Der Mandant hatte Schwierigkeiten, den Kontakt zur Justiz aufzunehmen. Dabei wollte ihm das Gericht auf Antrag der Staatsanwaltschaft ein wenig helfen. Das war vorauszusehen, und dem Mandanten auch von seinem Verteidiger so mitgeteilt.

Sei’s drum. Nun habe ich Akteneinsicht erhalten und fand in der Akte diesen roten Zettel:

Eine (Farb-)Kopie dieses wenig freundlichen Beschlusses hat der Mandant dann per Post bekommen, begleitet von diesen güldenen Worten:

Anbei übersende ich Ihnen den gegen Sie erlassenen Haftbefehl.

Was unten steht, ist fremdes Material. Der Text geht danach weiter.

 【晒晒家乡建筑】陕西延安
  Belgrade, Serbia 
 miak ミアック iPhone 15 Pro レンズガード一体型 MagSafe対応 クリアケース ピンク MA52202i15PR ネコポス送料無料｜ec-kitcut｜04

Es gibt nicht viele Menschen, die ein solches Dokument von ihrem *Verteidiger* ausgehändigt bekommen und nicht *nach* der Festnahme von einem *Haftrichter*.

Das gelingt nicht jedem Verteidiger. Sie sollten ihn sehr pfleglich behandeln, damit er keine schlechte Laune bekommt.

Es geht nichts über zufriedene Mandanten, oder doch? Eine Ausnahme könnte ich mir vorstellen: Ein zufriedener Verteidiger.